I tried resizing the sprite borders to the power of two and it works wonderfully! Using 32x32 instead of 32x24 fixed the clipping. Thanks for the hint. Though being forced to use square shaped borders kills a lot of possibilities with the tiling. I'd still like to see the possibility of being able to tile non-power of two shaped sprites without the pixel clipping problem.
Glad it worked!
I don't think you're going to see none power of two textures working flawlessly for some time to come, not in real time anyway (pre-rendered it doesn't matter). Newer cards can handle it, but it's extra strain for them. Older cards however will probably just balk at them. Honestly being forced to use specific sizes isn't as bad as it seems.
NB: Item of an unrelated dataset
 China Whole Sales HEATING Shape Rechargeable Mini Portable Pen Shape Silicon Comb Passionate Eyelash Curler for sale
[quote:2q2kf0ak]I wonder if it makes any difference in the clipping problem if you load the textures externally instead of internally. The external resource management is far from ready in this project but we'll get there.
Well no, cause this is a DirectX thing, and a computer thing, they've been using these set tile sizes since the beginning, and then when textured 3D games came along, those too used them. While I admit, some programs DO have different sized tiles available (I faintly recall some creator program from way back that allowed strangely sized tiles), but it's few and far between, and probably unheard of with modern methods. Like I say, it's just easier for the hardware to handle textures of those specific sizes.
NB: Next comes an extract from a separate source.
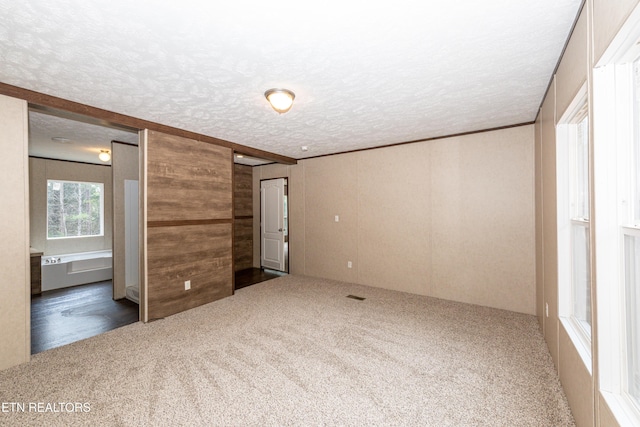 unfurnished bedroom with carpet flooring, wood walls, and a textured ceiling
There are a few tricks you can use though, unlike most 2D games or creator programs, construct doesn't force you into working in a tiled environment. Yes your textures should be power of two, but your tiled backgrounds can be whatever random size and it appears to make no difference. Also, overlaying other tiled backgrounds on top is perfectly acceptable and works just fine, even if they too don't follow a grid pattern.
Using that as an example. Say you've got your tiled floor, and you wanted a few manhole covers, but each one is rotated differently to the next (to avoid obvious repetition), traditionally you'd probably have to make new tiles for each and every one. With construct you just create a clone/instance of your manhole cover, rotate it and place it where you want. Do the same with a bunch of other random objects, leaves or trash or rocks or whatever and you can very quickly and very easily remove any obvious repeating pattern, just like how decals work in 3D games. From an artists point of view, that's an awesome part of construct, and being as they're instanced, they effectively only exist as a single entity, so that cuts down VRAM usage too.